§ TASK TO CARRY OUT
Only one stretch of the data below is needed. Output the lines from the one with "D. EXTERIOR Pleated" up to and including the one with "Etui Samsung Galaxy", exactly as they stand.

§ DATASET EXTRACT
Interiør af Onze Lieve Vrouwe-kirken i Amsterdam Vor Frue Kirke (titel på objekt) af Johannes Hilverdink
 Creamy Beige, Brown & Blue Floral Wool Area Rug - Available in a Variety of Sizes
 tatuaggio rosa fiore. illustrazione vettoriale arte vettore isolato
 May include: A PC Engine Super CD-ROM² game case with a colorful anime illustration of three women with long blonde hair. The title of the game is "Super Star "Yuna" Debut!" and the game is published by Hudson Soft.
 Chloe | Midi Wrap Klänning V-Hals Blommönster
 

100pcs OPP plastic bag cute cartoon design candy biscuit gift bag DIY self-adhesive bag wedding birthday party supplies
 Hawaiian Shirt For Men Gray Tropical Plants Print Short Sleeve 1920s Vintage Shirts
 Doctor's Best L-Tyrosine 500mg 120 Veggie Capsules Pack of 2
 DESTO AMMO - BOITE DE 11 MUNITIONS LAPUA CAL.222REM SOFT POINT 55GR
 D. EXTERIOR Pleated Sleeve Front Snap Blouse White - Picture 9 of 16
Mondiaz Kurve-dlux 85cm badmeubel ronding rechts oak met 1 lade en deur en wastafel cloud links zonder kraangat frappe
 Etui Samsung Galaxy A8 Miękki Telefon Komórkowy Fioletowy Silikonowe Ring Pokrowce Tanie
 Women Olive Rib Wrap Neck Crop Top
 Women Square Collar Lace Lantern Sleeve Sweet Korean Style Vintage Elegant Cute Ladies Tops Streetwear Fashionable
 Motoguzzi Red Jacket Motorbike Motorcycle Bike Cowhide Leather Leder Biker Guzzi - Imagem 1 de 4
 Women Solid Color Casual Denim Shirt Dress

§ RESULT OF THE EXERCISE
 D. EXTERIOR Pleated Sleeve Front Snap Blouse White - Picture 9 of 16
Mondiaz Kurve-dlux 85cm badmeubel ronding rechts oak met 1 lade en deur en wastafel cloud links zonder kraangat frappe
 Etui Samsung Galaxy A8 Miękki Telefon Komórkowy Fioletowy Silikonowe Ring Pokrowce Tanie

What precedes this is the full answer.